ECLI:NL:RBZWB:2019:3473
Rechtbank Zeeland-West-Brabant
- Eerste aanleg - enkelvoudig
- mr. Oomes
- Rechtspraak.nl
Vervangende toestemming voor vakantie naar Thailand en afgifte paspoort minderjarige
In deze zaak heeft de vrouw, eiseres, vervangende toestemming gevraagd voor het uitreizen van haar minderjarige kind naar Thailand, samen met haar zusje en partner, van 30 juli 2019 tot 15 augustus 2019. De man, gedaagde, heeft aanvankelijk toestemming verleend, maar deze later ingetrokken. De vrouw heeft de voorzieningenrechter verzocht om toestemming te verlenen, omdat de man vreest dat de vrouw met het kind in Thailand zal blijven.
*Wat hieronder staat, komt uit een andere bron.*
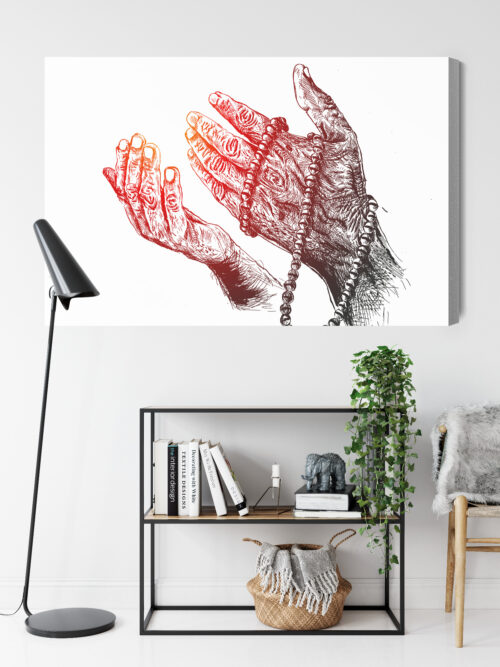 Obraz na płótnie Modlitwa dłoni z różańcem Styl Rysunkowy  Premium Canvas - obrazek 9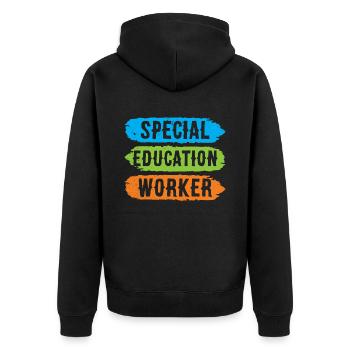 Special Education Workers Special Education Teachers - Unisex Premium Organic Zip Hoodie - black - Back - Nico (187cm)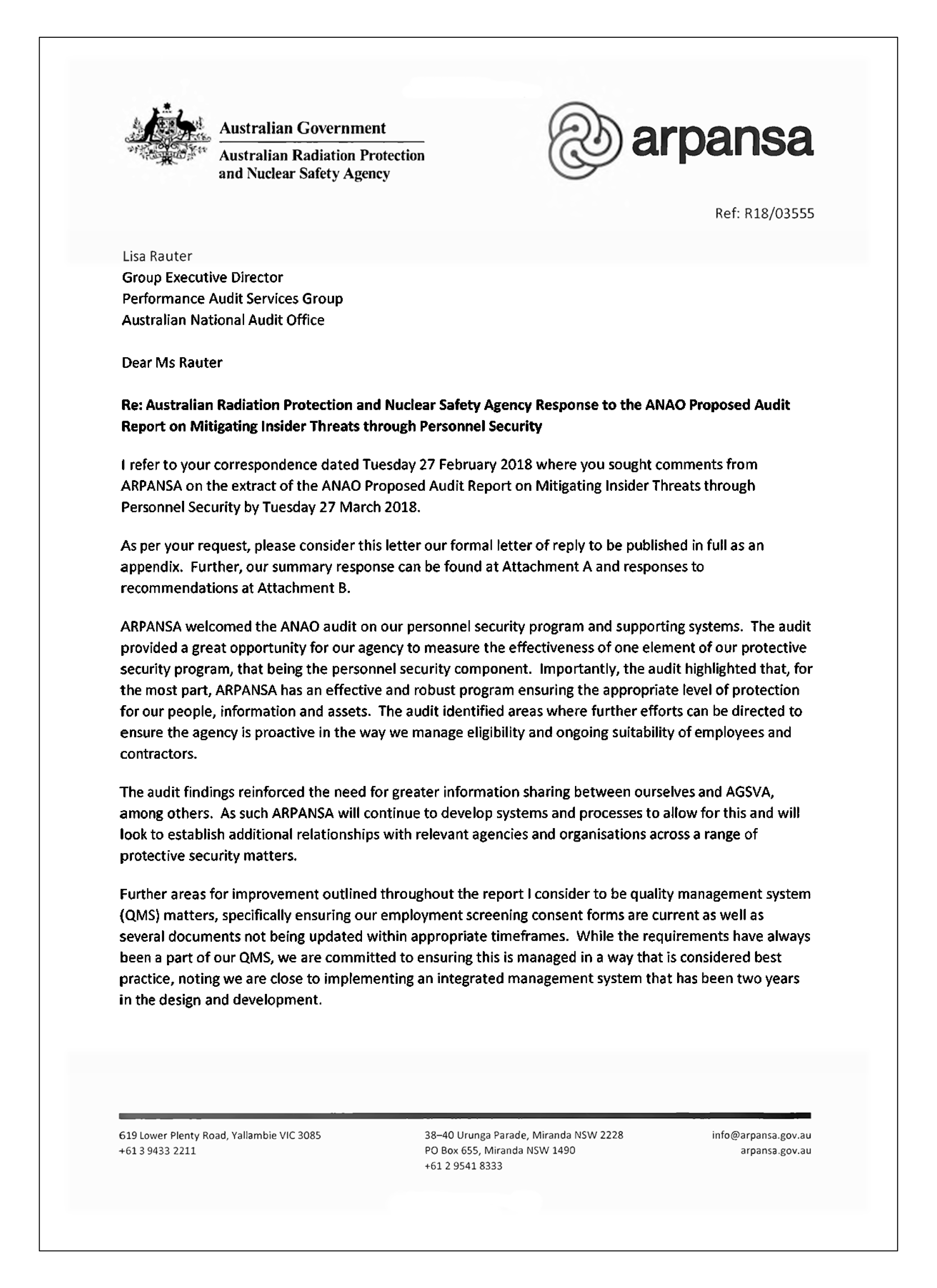 ARPANSA response page 1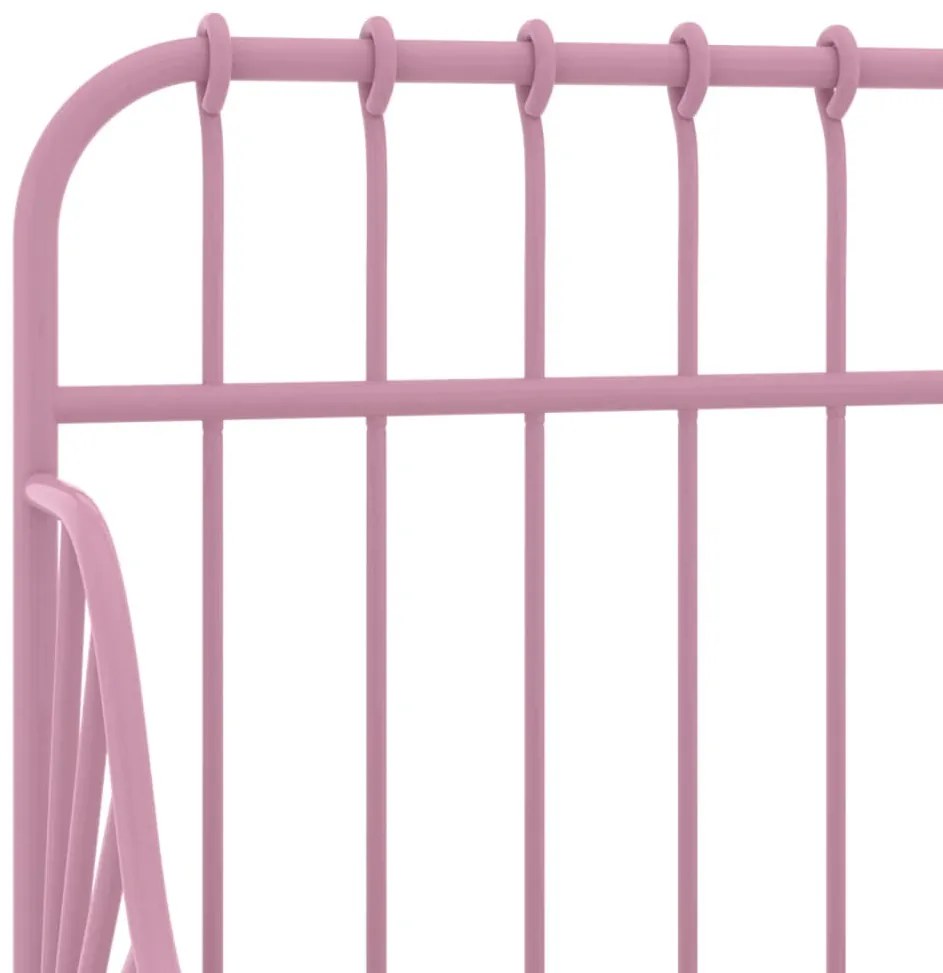 Estrutura de cama extensível em metal rosa 80x130/200 cm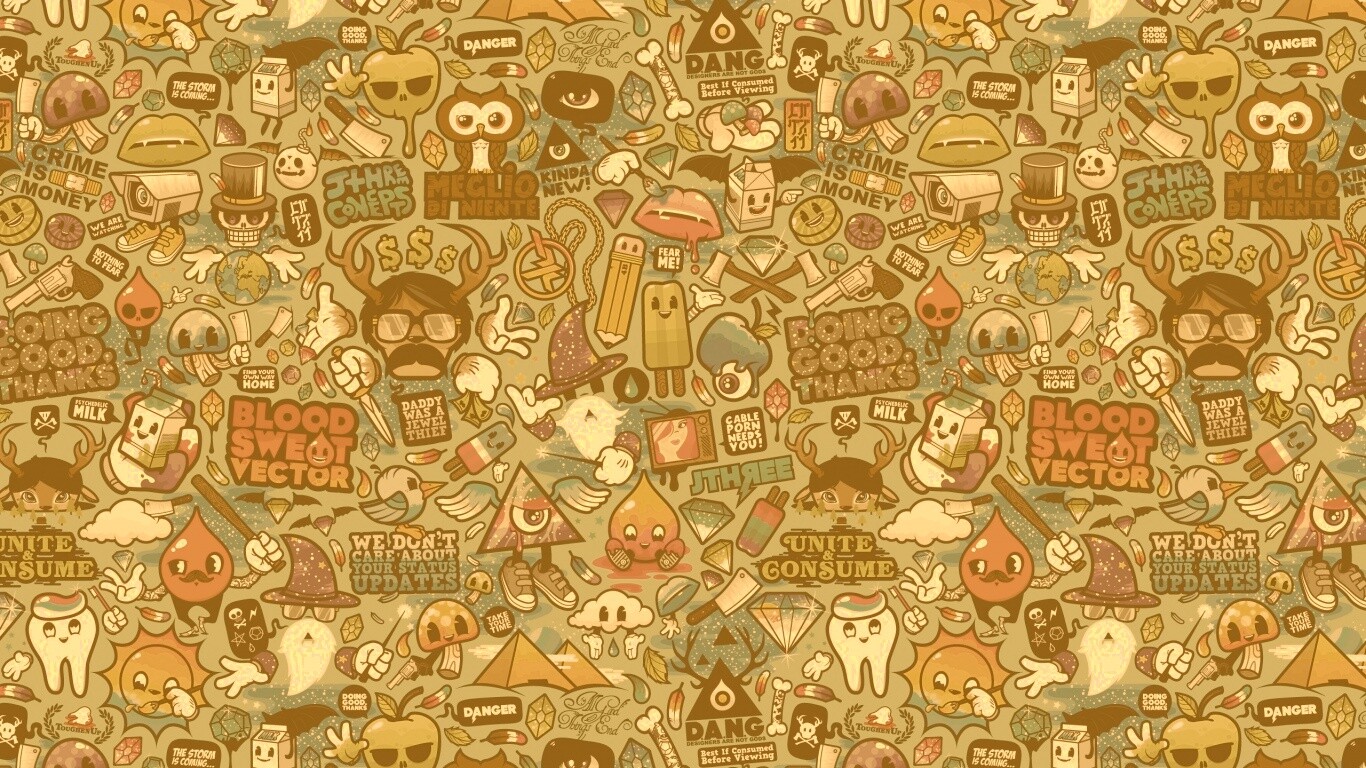 Коллаж из мультяшных картинок обои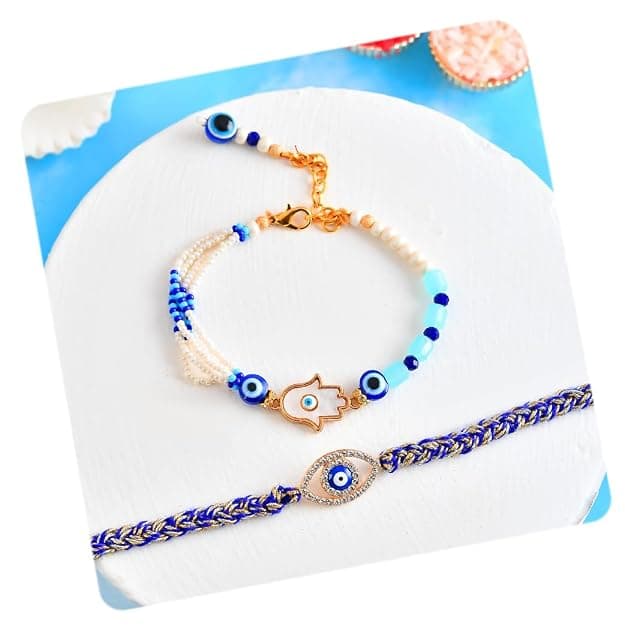 CraftVatika Evil Eye Brother and Bhabhi Rakhi set overview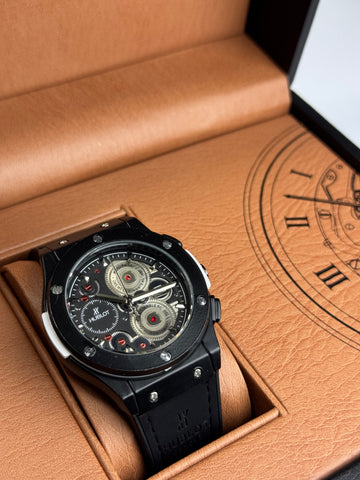 Hublot Black Leather Strap With Master Lock ChronoGraph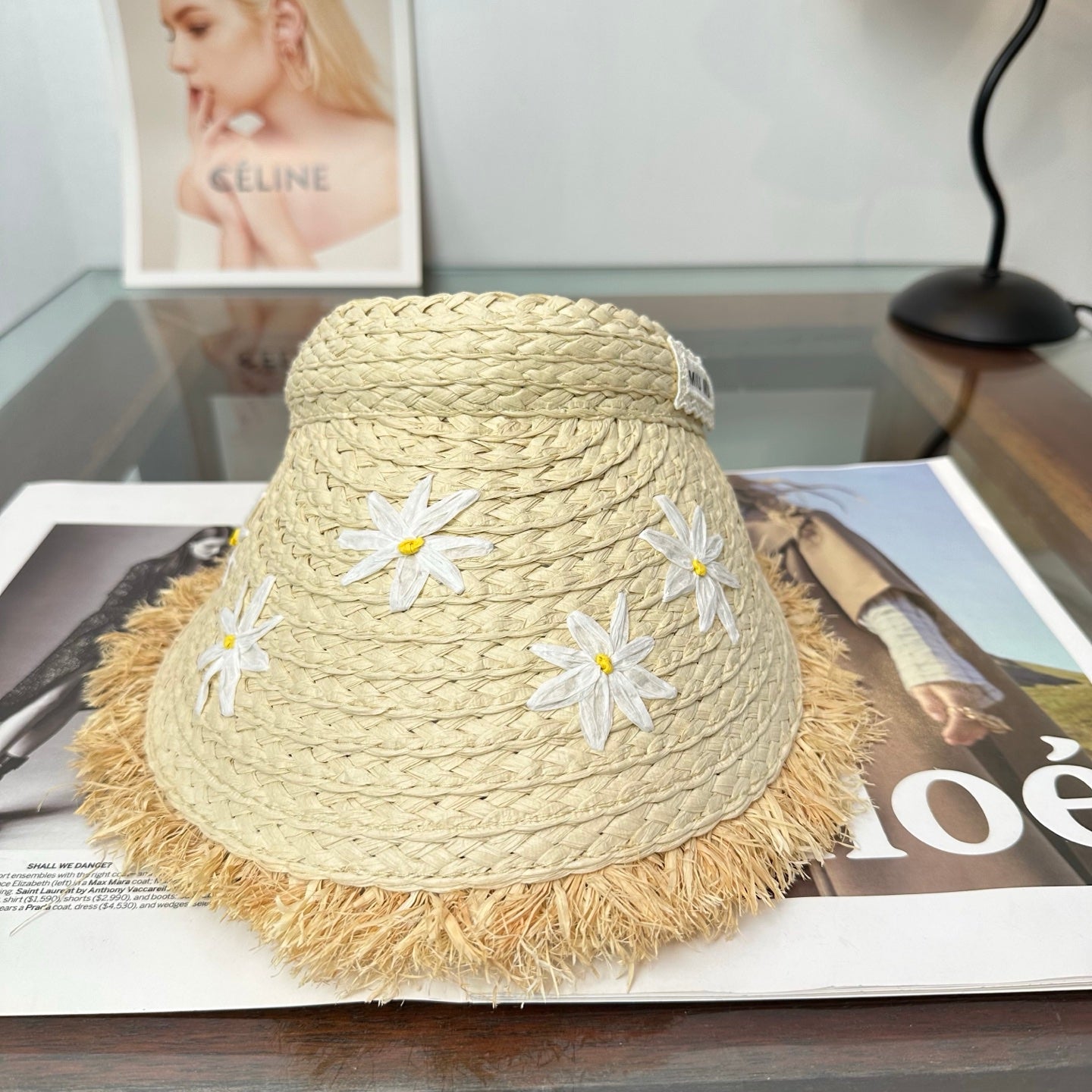 Miumiu Visor Hat Woven 343487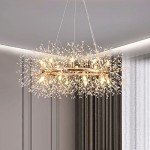 Modern 20-Light Golden Crystal Chandelier - 40 Inches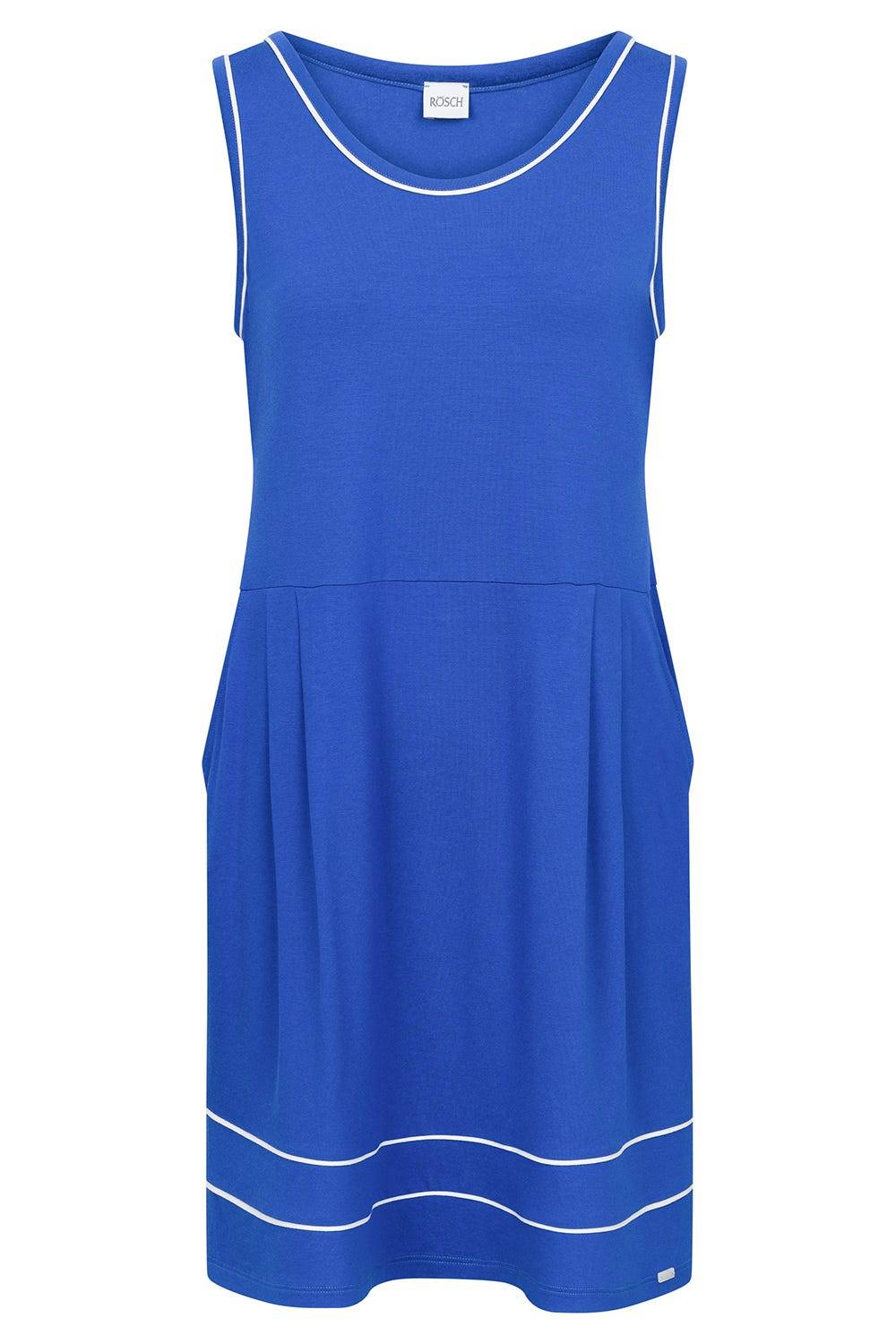 Rösch Strandkleid Ärmellos mit Kontrast-Paspeln Neon-Blau Große Rabatte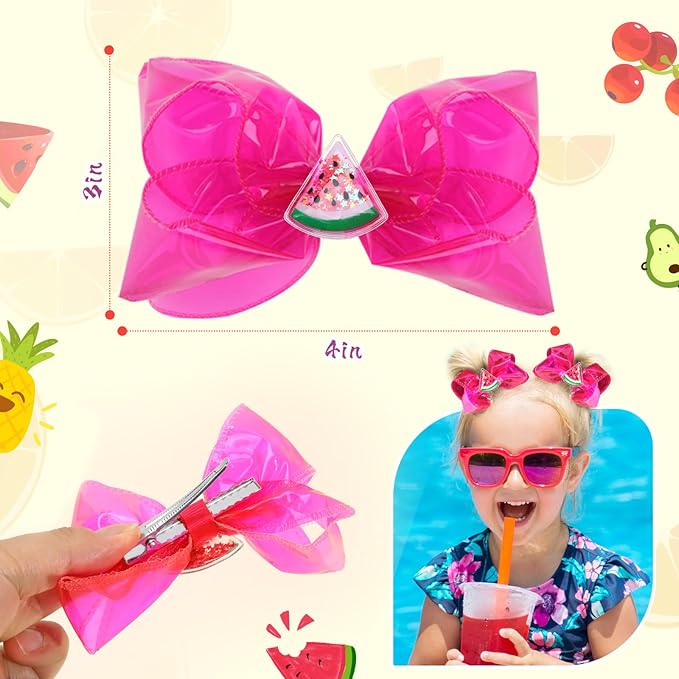Waterproof Jelly Hair Bows, Multi-colored PVC Summer Swim Pool Bow Clips Transparent Hair Accessories for Girls Toddler Infants Kids Teens Children (Fruit Jelly Bow 4inch)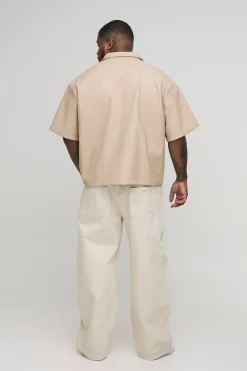 Chemise oversize trapèze en synthétique plissé pour grandes tailles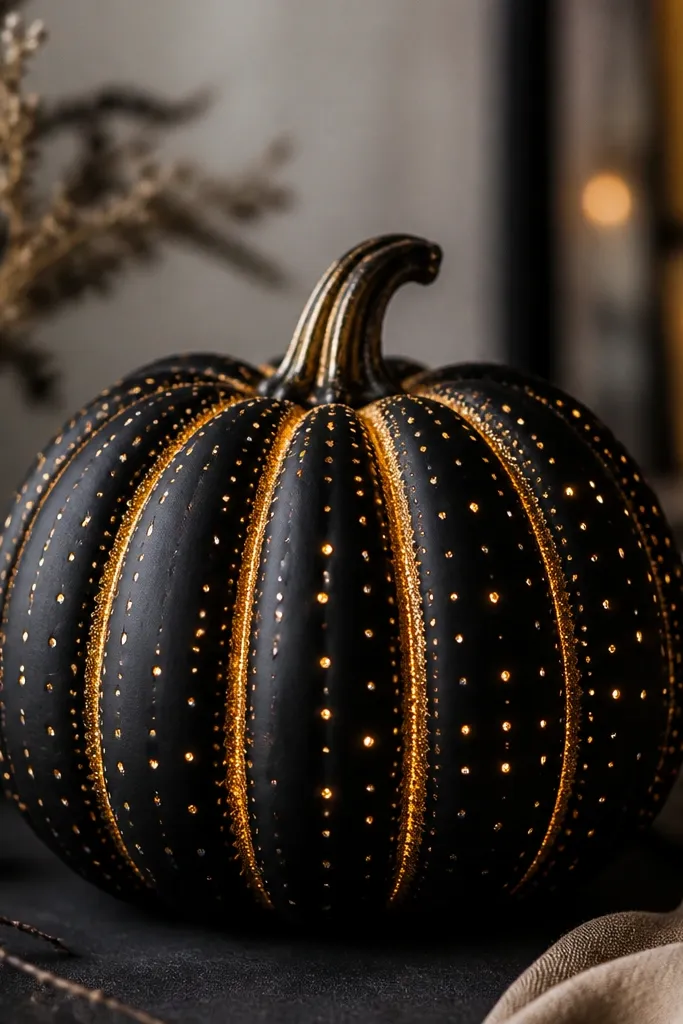 A matte black pumpkin painted and dotted with warm gold LED lights along carved lines. The glow looks like small gold sparks against the black surface.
De voorzieningenrechter heeft de zaak behandeld met gesloten deuren, gezien het belang van de minderjarige en de persoonlijke levenssfeer van partijen. De vrouw heeft haar verzoek onderbouwd met reisdocumenten en de voorzieningenrechter heeft vastgesteld dat er geen reële veiligheidsrisico's zijn voor het kind in Thailand. De voorzieningenrechter heeft geoordeeld dat het in het belang van het kind is om op vakantie te gaan en heeft de vordering van de vrouw toegewezen. Daarnaast heeft de vrouw ook verzocht om afgifte van het paspoort van het kind, dat momenteel in het bezit is van de man. De voorzieningenrechter heeft bepaald dat de man het paspoort moet afgeven op het moment dat hij het kind aan de vrouw overhandigt, maar uiterlijk op 29 juli 2019. Indien de man dit niet doet, verbeurt hij een dwangsom van € 500,-. Tevens is vervangende toestemming verleend voor het aanvragen van een (nood)paspoort voor het kind, mocht de man weigeren het huidige paspoort af te geven.